::: Excerpted records :::

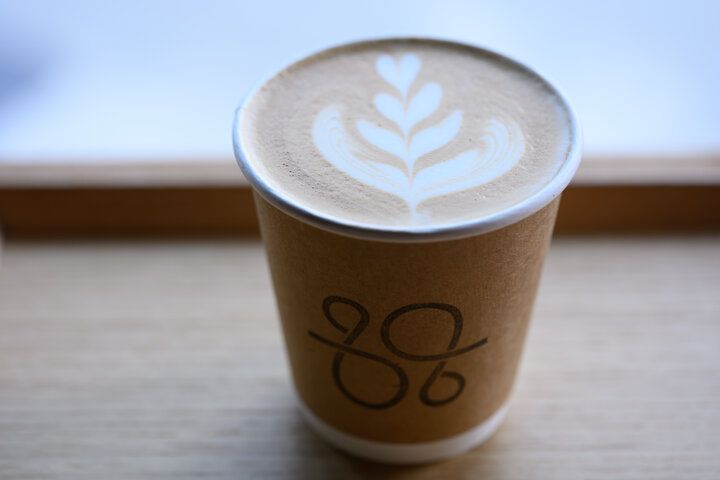 兼六園と金沢城公園の近く♪自家焙煎コーヒーとスイーツが楽しみな町家カフェ「SWAY COFFEE ROASTER KANAZAWA KENROKU-MACHI CAFE」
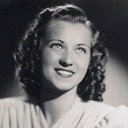 Lenka Podhajská als Anna Marie Rynešová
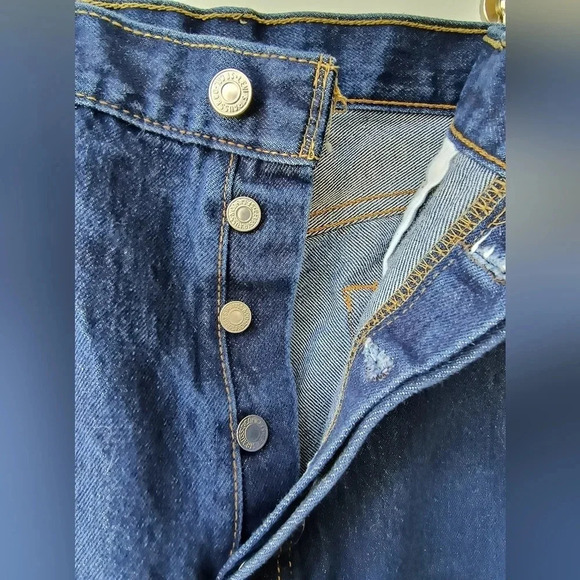 Levi's Men's Classic Straight 501 Button Fly Dark Wash Denim Jeans, Size 36X32 - Picture 2 of 10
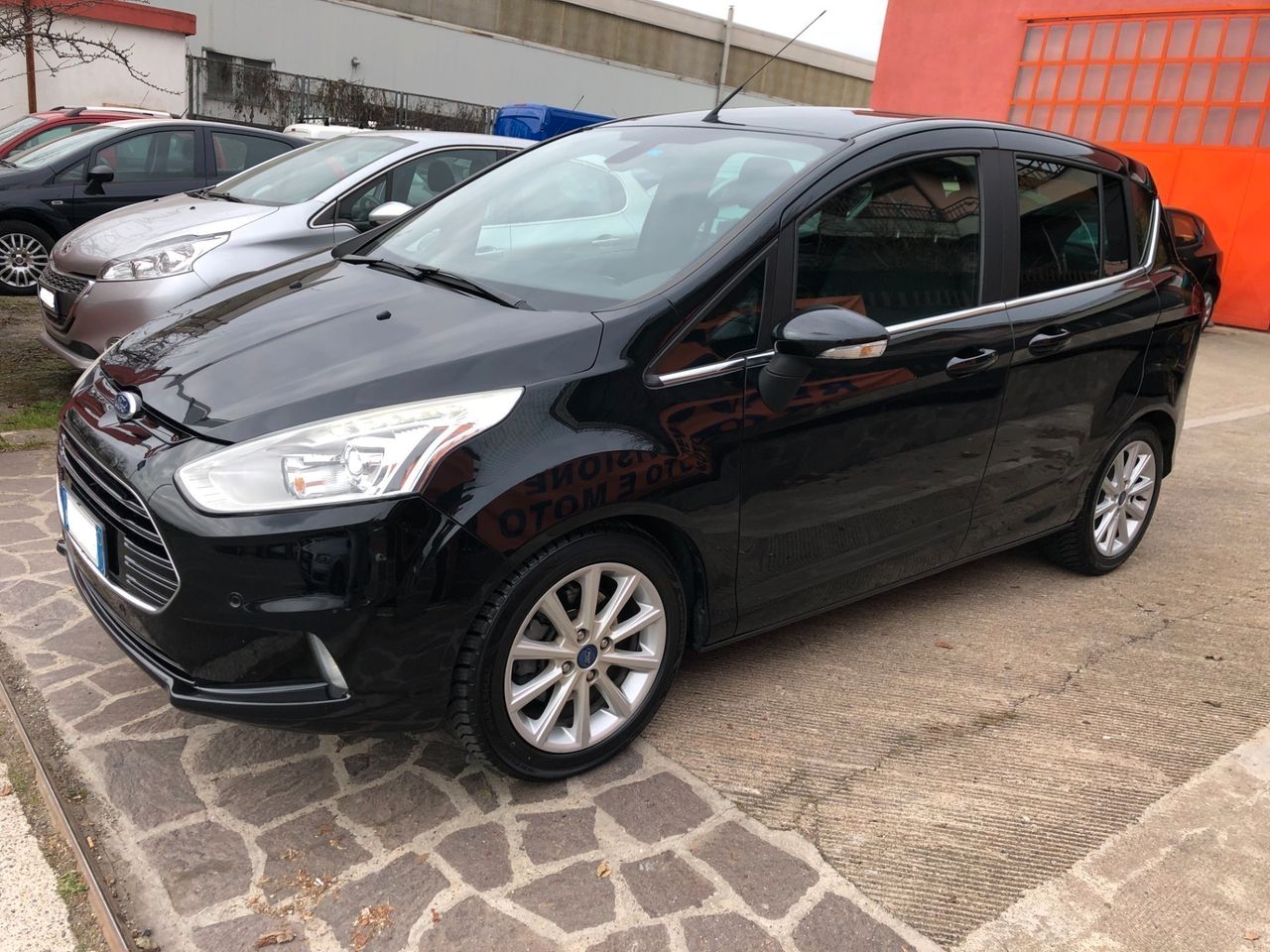 Ford B-Max 1.5 TDCi 75 CV Business adatta per neopatentati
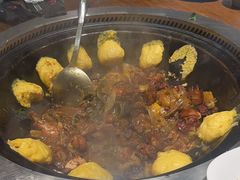 -万里闯关东铁锅炖菜馆(高新旗舰店)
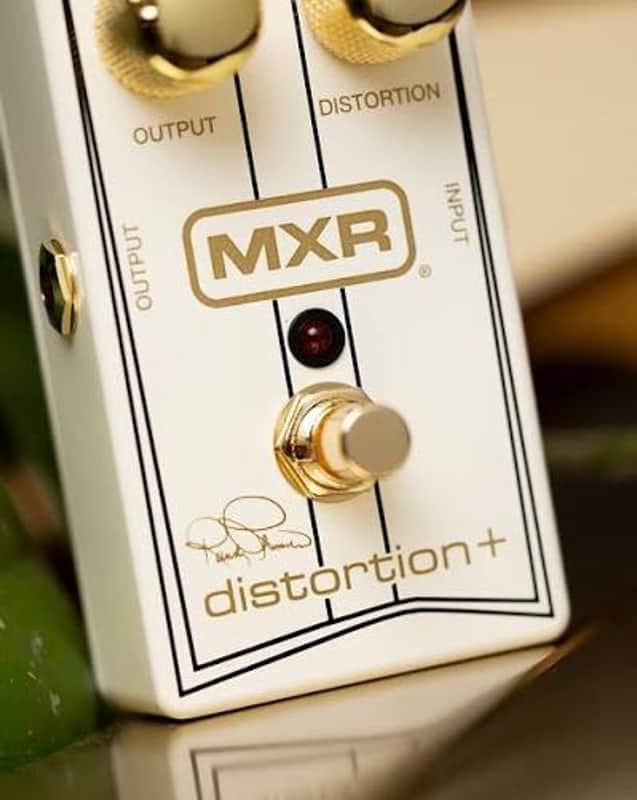 MXR RR104C Randy Rhoads Signature Special Edition Distortion +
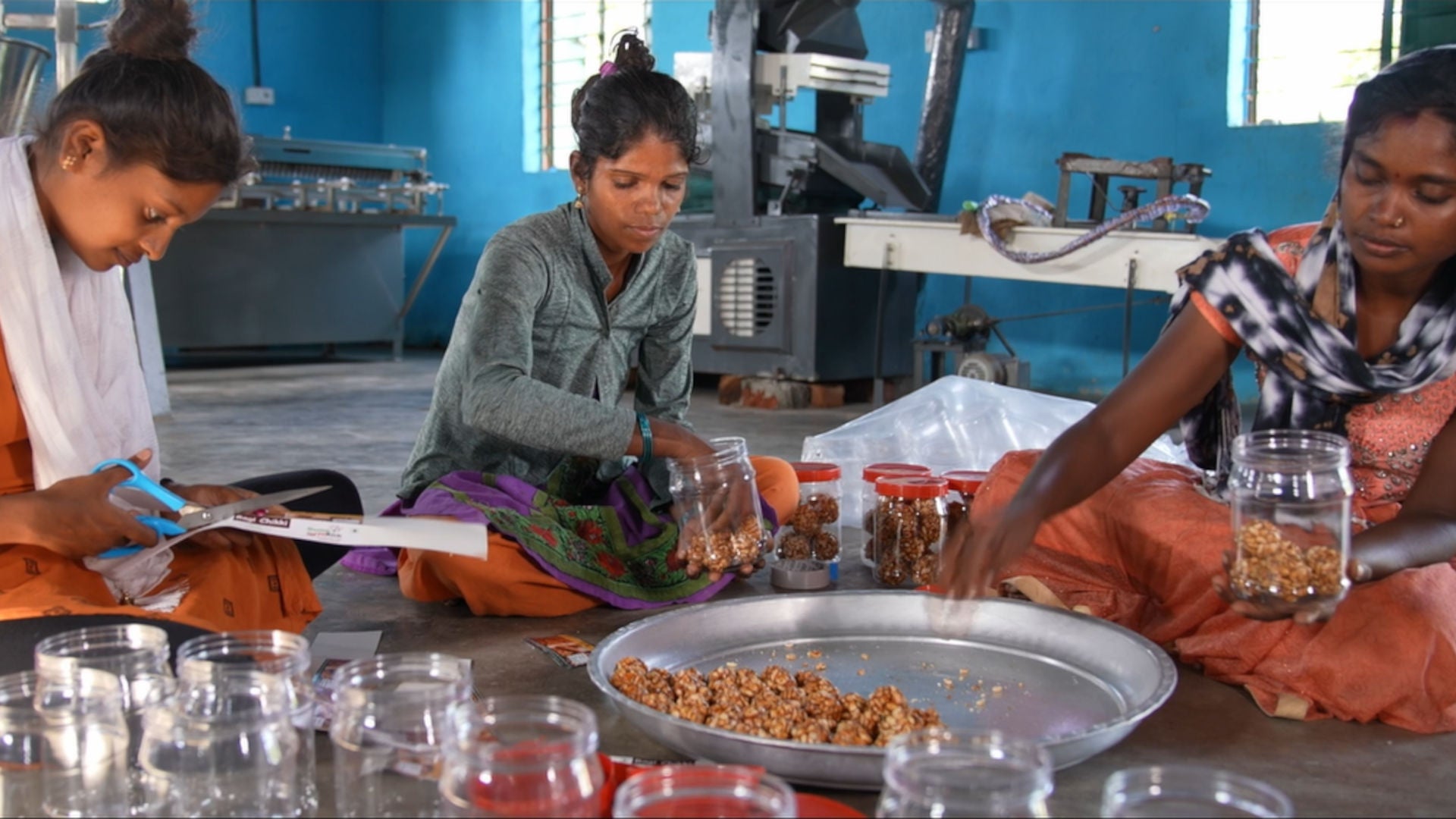 Drei Frauen zusammen im Labor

:::

Task requirements: Your task is to give again, unchanged, the lines from the line that contains "Ford B-Max 1.5" to the end of the records. Include both end lines but no pictures.

Response for this exercise:
 Ford B-Max 1.5 TDCi 75 CV Business adatta per neopatentati
 -万里闯关东铁锅炖菜馆(高新旗舰店)
 MXR RR104C Randy Rhoads Signature Special Edition Distortion +
 Drei Frauen zusammen im Labor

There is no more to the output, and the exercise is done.